Whoa, the plot thickens.
From Recode, November 3:
The social network is scaling back facial recognition, but similar technology could show up in the metaverse.
Facebook says it will stop using facial recognition for photo-tagging. In a Monday blog post, Meta, the social network’s new parent company, announced that the platform will delete the facial templates of more than a billion people and shut off its facial recognition software, which uses an algorithm to identify people in photos they upload to Facebook. This decision represents a major step for the movement against facial recognition, which experts and activists have warned is plagued with bias and privacy problems.
But Meta’s announcement comes with a couple of big caveats. While Meta says that facial recognition isn’t a feature on Instagram and its Portal devices, the company’s new commitment doesn’t apply to its metaverse products, Meta spokesperson Jason Grosse told Recode. In fact, Meta is already exploring ways to incorporate biometrics into its emerging metaverse business, which aims to build a virtual, internet-based simulation where people can interact as avatars. Meta is also keeping DeepFace, the sophisticated algorithm that powers its photo-tagging facial recognition feature.
“We believe this technology has the potential to enable positive use cases in the future that maintain privacy, control, and transparency, and it’s an approach we’ll continue to explore as we consider how our future computing platforms and devices can best serve people’s needs,” Grosse told Recode. “For any potential future applications of technologies like this, we’ll continue to be public about intended use, how people can have control over these systems and their personal data, and how we’re living up to our responsible innovation framework.”

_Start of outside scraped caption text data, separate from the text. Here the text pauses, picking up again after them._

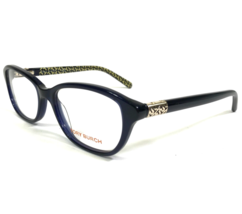 Tory Burch Eyeglasses Frames TY 2042 1304 Navy Blue Yellow Gold Oval 53-17-135 - £63.15 GBP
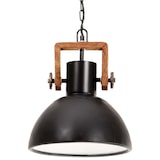thumbnail of vidaXL Hängelampe Industriestil 25 W Schwarz Rund 30 cm E27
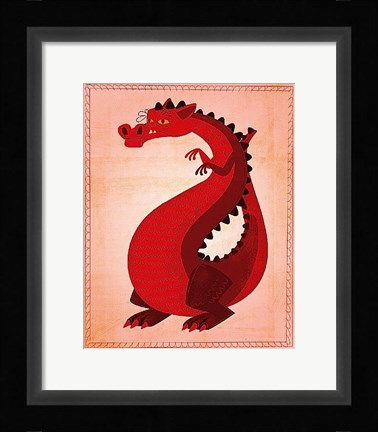 Framed Red Dragon Print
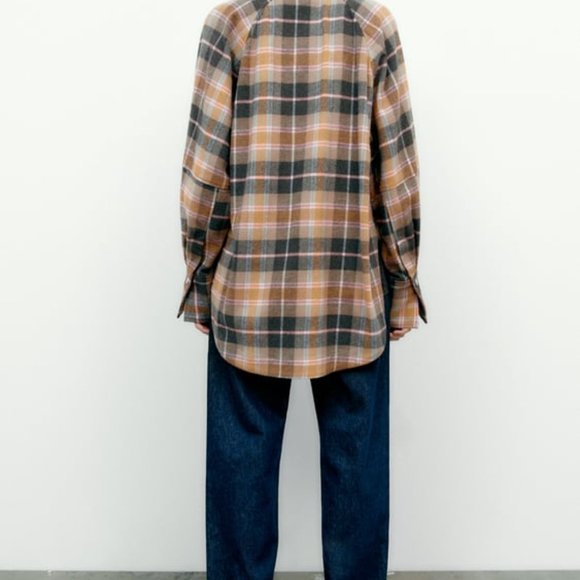 ZARA Oversized Plaid Shirt Shacket Pendleton - Picture 7 of 11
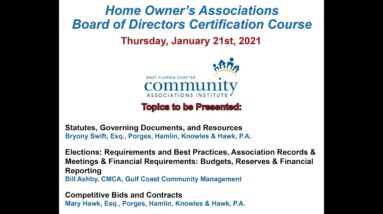 HOA Board Certification Jan 2021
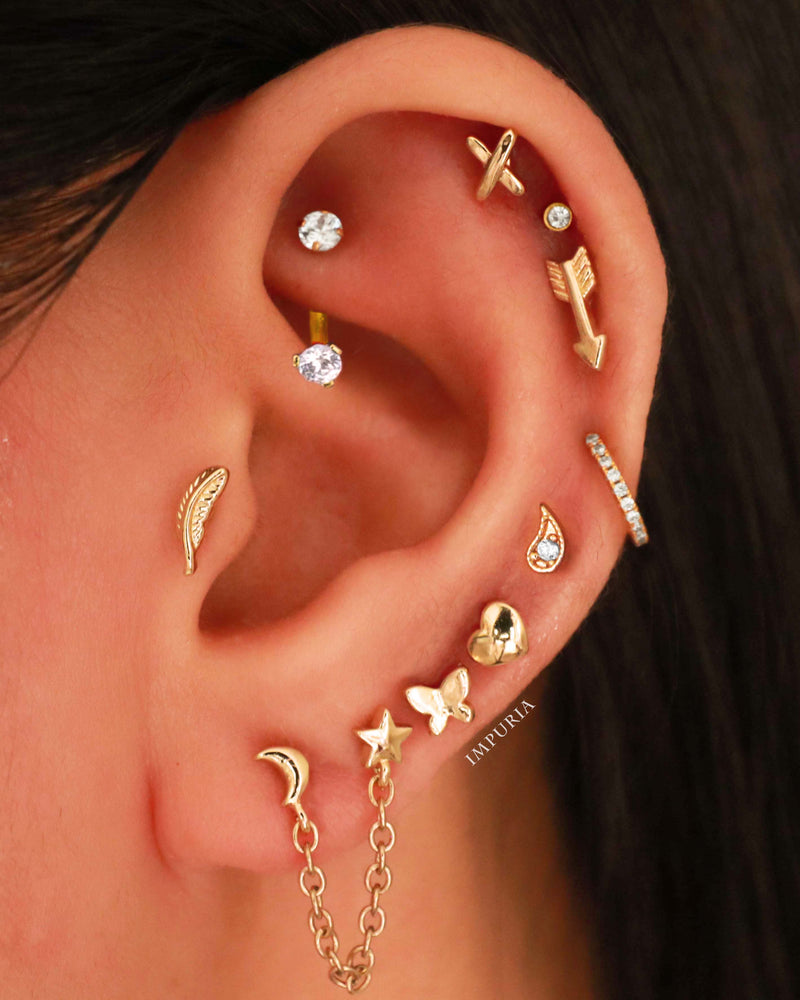 cute ear piercings tragus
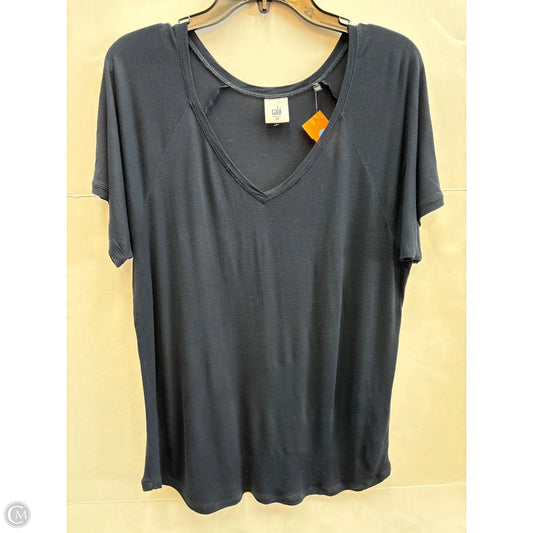 Top Short Sleeve By Cabi In Navy, Size: M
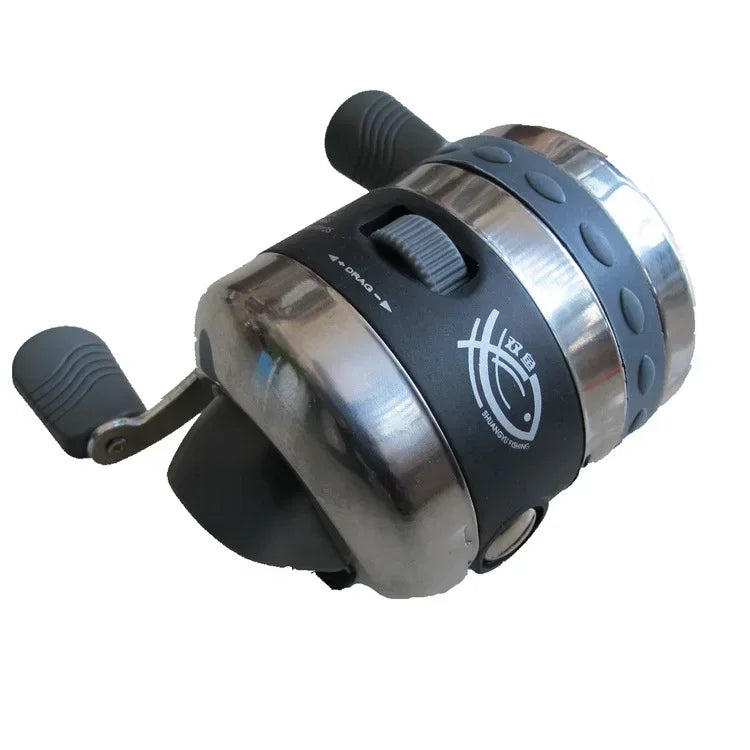 Strong Power Game Shooting Slingshot Full Set of Fishing Artifact Outdoor Hunting Catapult Horizontal Aiming Toy Slingshot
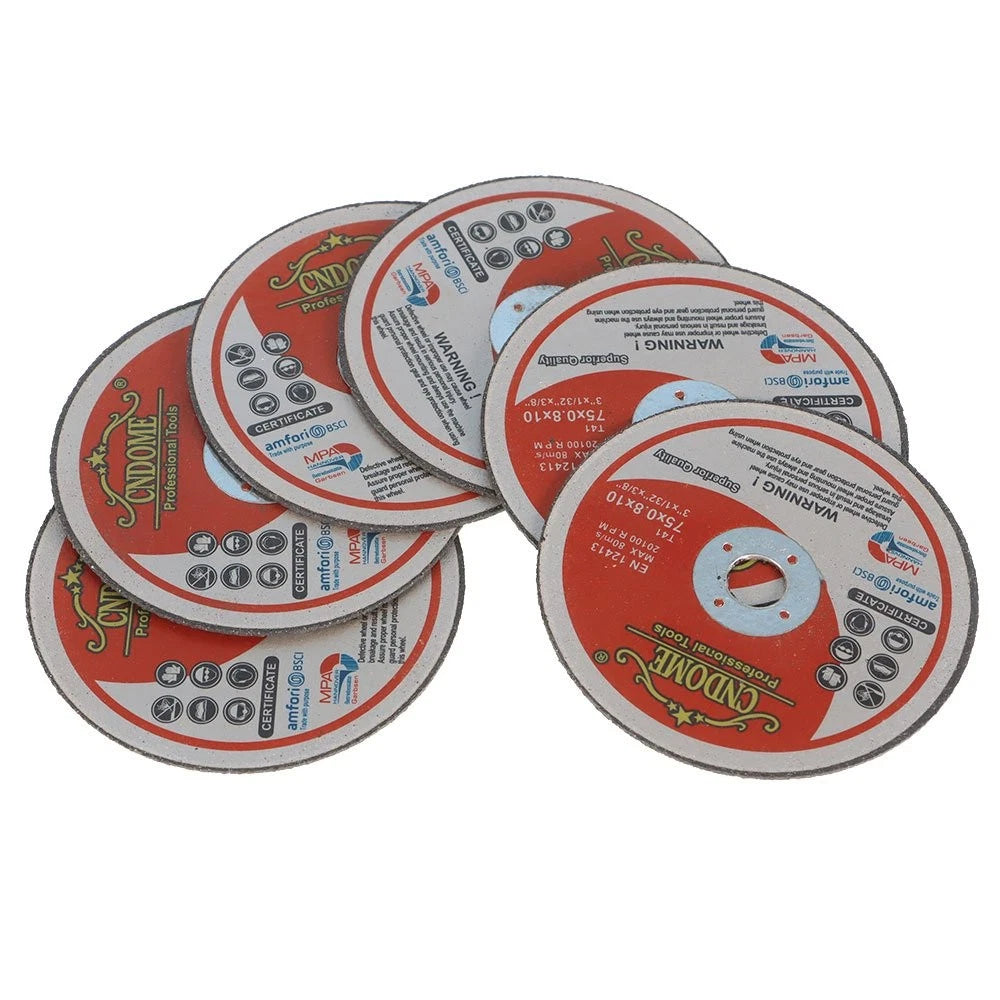 25 Pack Cut Off Wheels for Die Grinder (3"x1/32"x3/8")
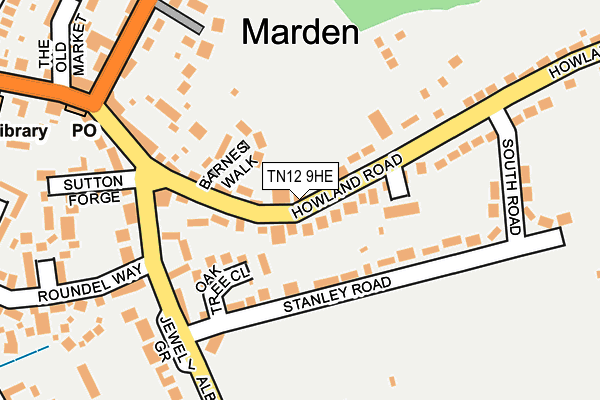 TN12 9HE map - OS OpenMap – Local (Ordnance Survey)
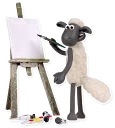 Sticker from Shaun the Sheep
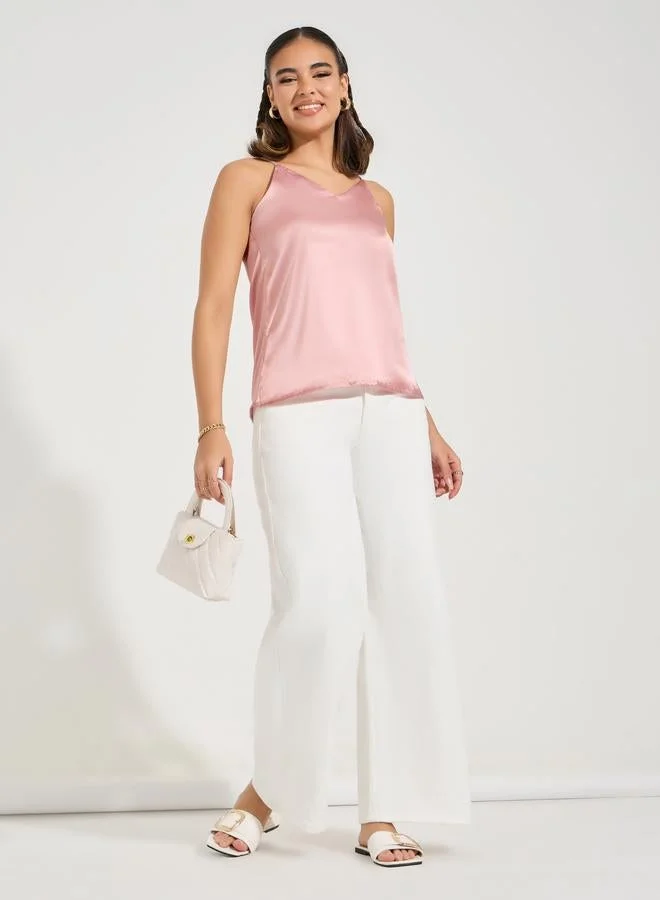 Styli Styli Solid Satin Cami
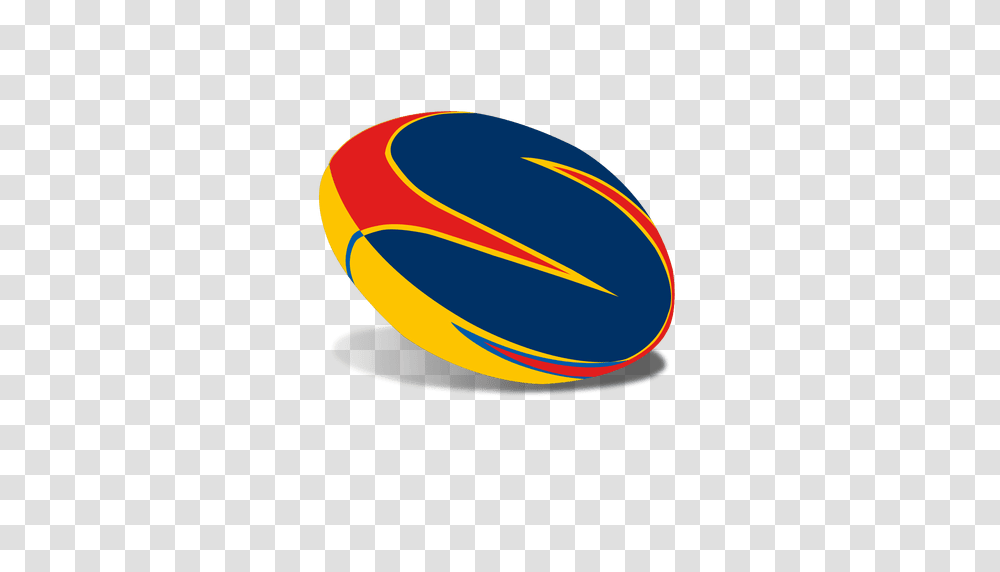 Colorful Paints Rugby Ball, Sport, Sports Transparent Png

That facial recognition for photo-tagging is leaving Facebook, also known as the “big blue app,” is certainly significant. Facebook originally launched this tool in 2010 to make its photo-tagging feature more popular. The idea was that letting an algorithm automatically suggest tagging a particular person in a photo would make it easier than manually tagging them and, perhaps, encourage more people to tag their friends. The software is informed by the photos people post of themselves, which Facebook uses to create unique facial templates tied to their profiles. The DeepFace artificial intelligence technology, which was developed from pictures uploaded by Facebook users, helps match people’s facial templates to faces in different photos.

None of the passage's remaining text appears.